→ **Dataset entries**
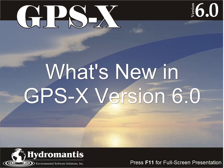Hello and welcome. In this video we will be demonstrating what's new in GPSX version 6.0.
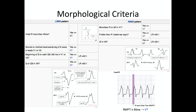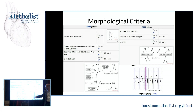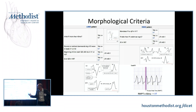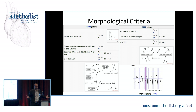For left bundle branch block morphology, a typical LBBB will have a very narrow or absent R wave in V1. If you have a fat R wave in V1 greater than 30 milliseconds, that is consistent with VT. In V6, a typical LBBB has a very small Q wave — if the Q is larger than expected, that is also consistent with VT.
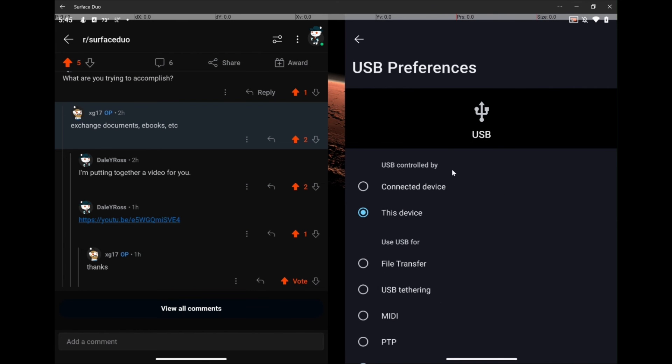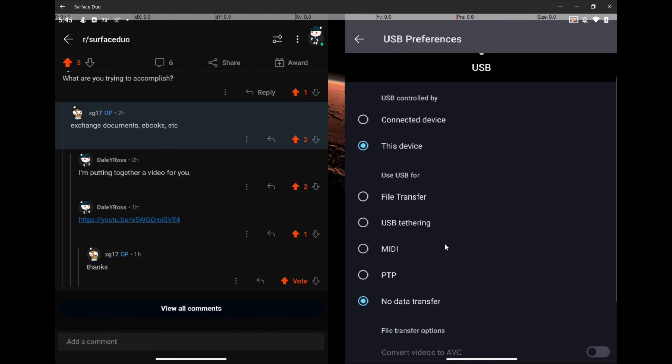When you tap for more options, what you're going to see is USB controlled by connected device, this device. What we're interested in is right here where it says use USB for. You're going to see various things here. One you're going to see is no data transfer.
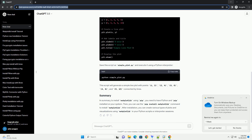Open terminal or command prompt. To install Matplotlib, you need to have Python and pip installed on your system. Check Python installation by confirming that Python is installed, typing the following command in your terminal or command prompt. If Python is installed, you will see a version number.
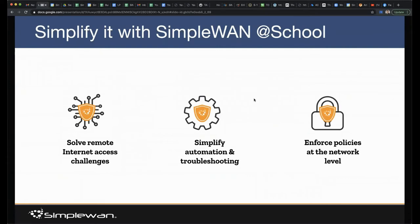We want to do three things. First, get these people connected and keep them connected — it's back to that productivity piece. Second, simplify the automation and troubleshooting process. When things go south — and they do go south — if you're managing more than one device, they don't work perfectly all the time, so you've got to be able to quickly address issues. Third, enforce policies at the network level. There are lots of great applications you can put on a Chromebook, but people can get around those. We can provide those same restrictions at the network level, which cannot be bypassed.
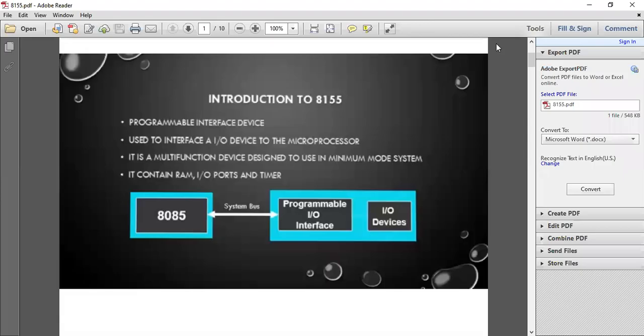A very good morning to you students. Today we are going to cover the topic introduction to 8155 microprocessor.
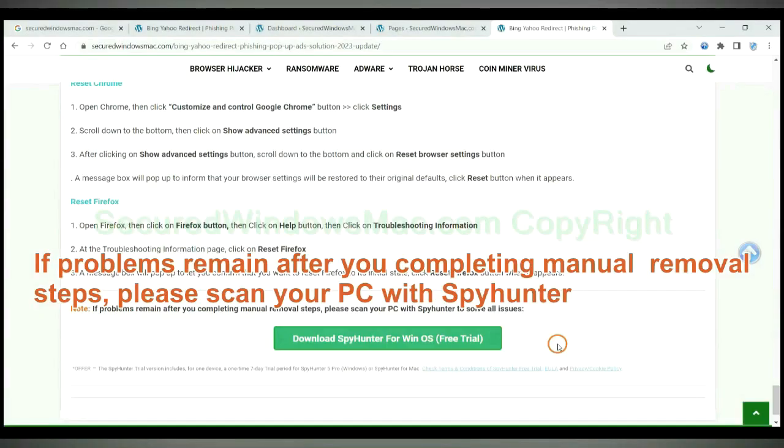If problems remain after you completing manual removal steps, please scan your PC with SpyHunter.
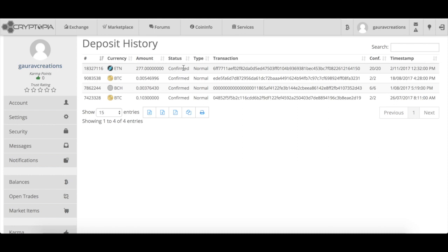All the links and commands are in the description below. If you have any questions, please mention them in the comments section or chat with me on my Discord channel. If you liked this video, please give a thumbs up and share it with your friends, as a lot of people may be stuck with their Electronium coins on a paper wallet. Make sure you subscribe to my channel — I'll keep bringing videos like this. See you in the next video, and till then have a safe investment.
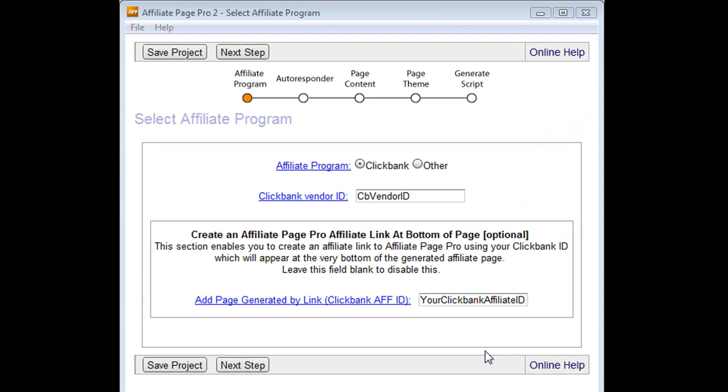Welcome to another video in the Affiliate Page Pro 2 video series. What I want to do now is introduce you to the software. This is what the software will look like when you first start it.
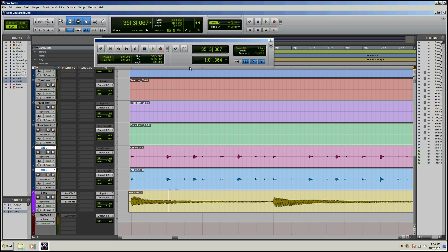Hey guys, this is Dan Spencer of Pro Tools Tutorials.org and today we'll be talking about how to hide and make a track inactive and then how to unhide it and make it reactive.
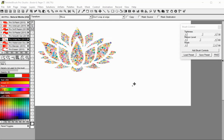The slideshow feature in Twisted Brush Pro Studio will create a PDF slideshow from the selected pages in the Page Explorer.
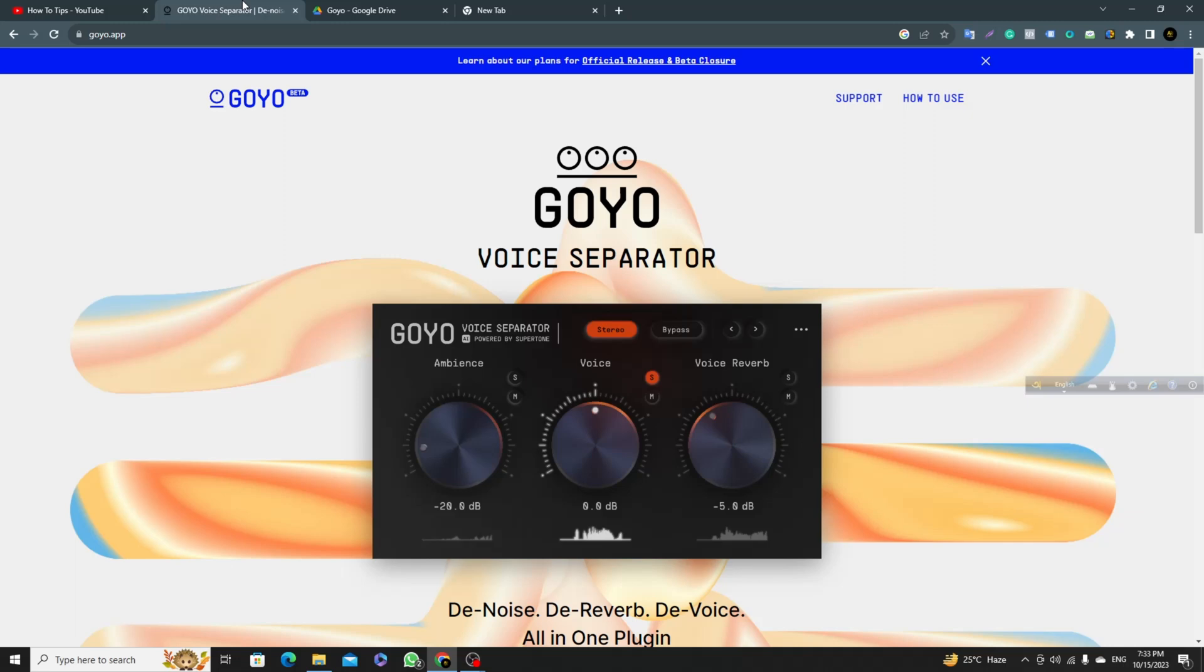Hello viewers, in this video I will show you how to download GOYO plugin, a voice separator for Audacity, OBS, Premiere Pro, and lots of software that support this VST plugin.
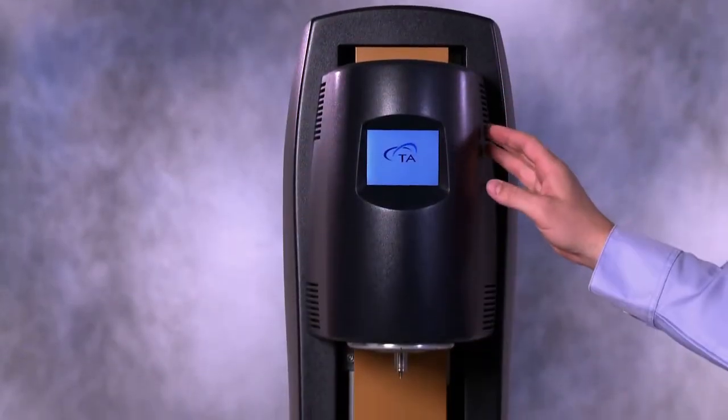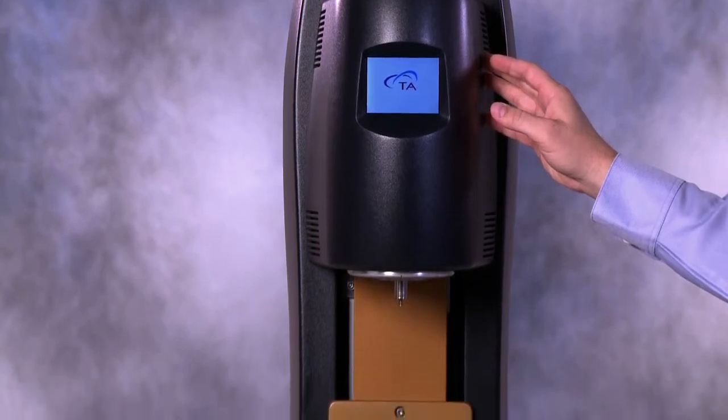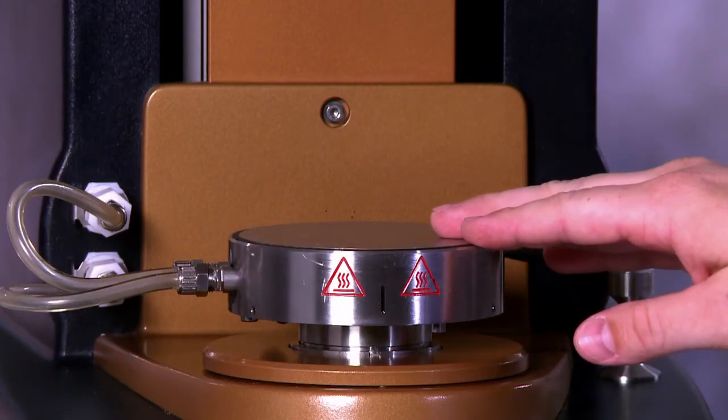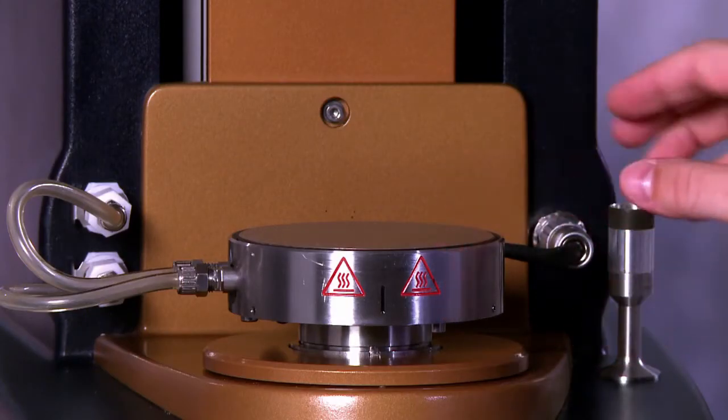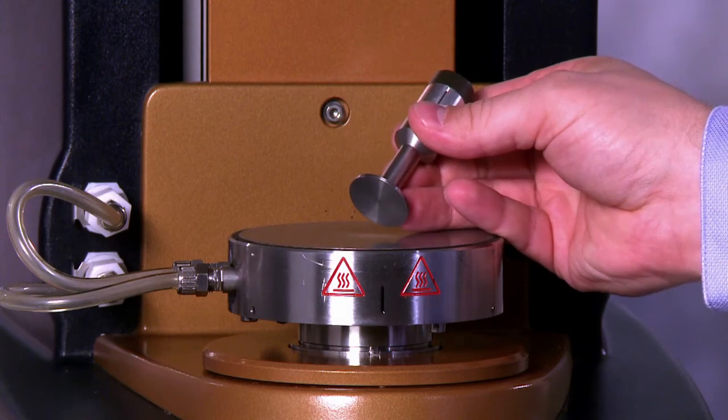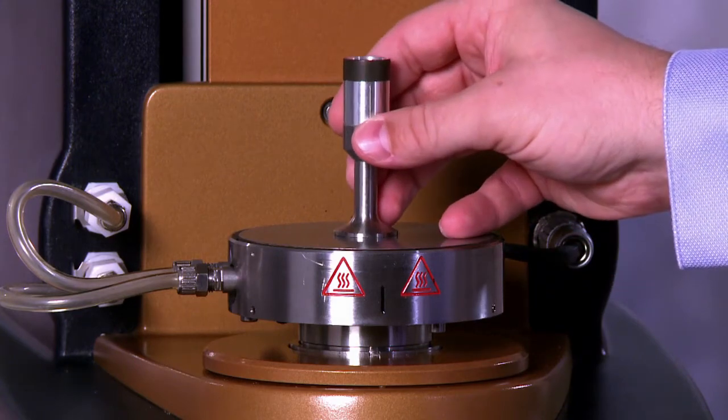Here we have a DHR instrument that has previously been calibrated for instrument inertia, and now we're going to calibrate using a Peltier plate and a 25mm stainless steel parallel plate.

→ **Your instructions**
Transcribe every line from the one with "A very good" to the last line of the records above, exactly, excluding pictures.

→ **Exercise response**
A very good morning to you students. Today we are going to cover the topic introduction to 8155 microprocessor.
If problems remain after you completing manual removal steps, please scan your PC with SpyHunter.
All the links and commands are in the description below. If you have any questions, please mention them in the comments section or chat with me on my Discord channel. If you liked this video, please give a thumbs up and share it with your friends, as a lot of people may be stuck with their Electronium coins on a paper wallet. Make sure you subscribe to my channel — I'll keep bringing videos like this. See you in the next video, and till then have a safe investment.
Welcome to another video in the Affiliate Page Pro 2 video series. What I want to do now is introduce you to the software. This is what the software will look like when you first start it.
Hey guys, this is Dan Spencer of Pro Tools Tutorials.org and today we'll be talking about how to hide and make a track inactive and then how to unhide it and make it reactive.
The slideshow feature in Twisted Brush Pro Studio will create a PDF slideshow from the selected pages in the Page Explorer.
Hello viewers, in this video I will show you how to download GOYO plugin, a voice separator for Audacity, OBS, Premiere Pro, and lots of software that support this VST plugin.
Here we have a DHR instrument that has previously been calibrated for instrument inertia, and now we're going to calibrate using a Peltier plate and a 25mm stainless steel parallel plate.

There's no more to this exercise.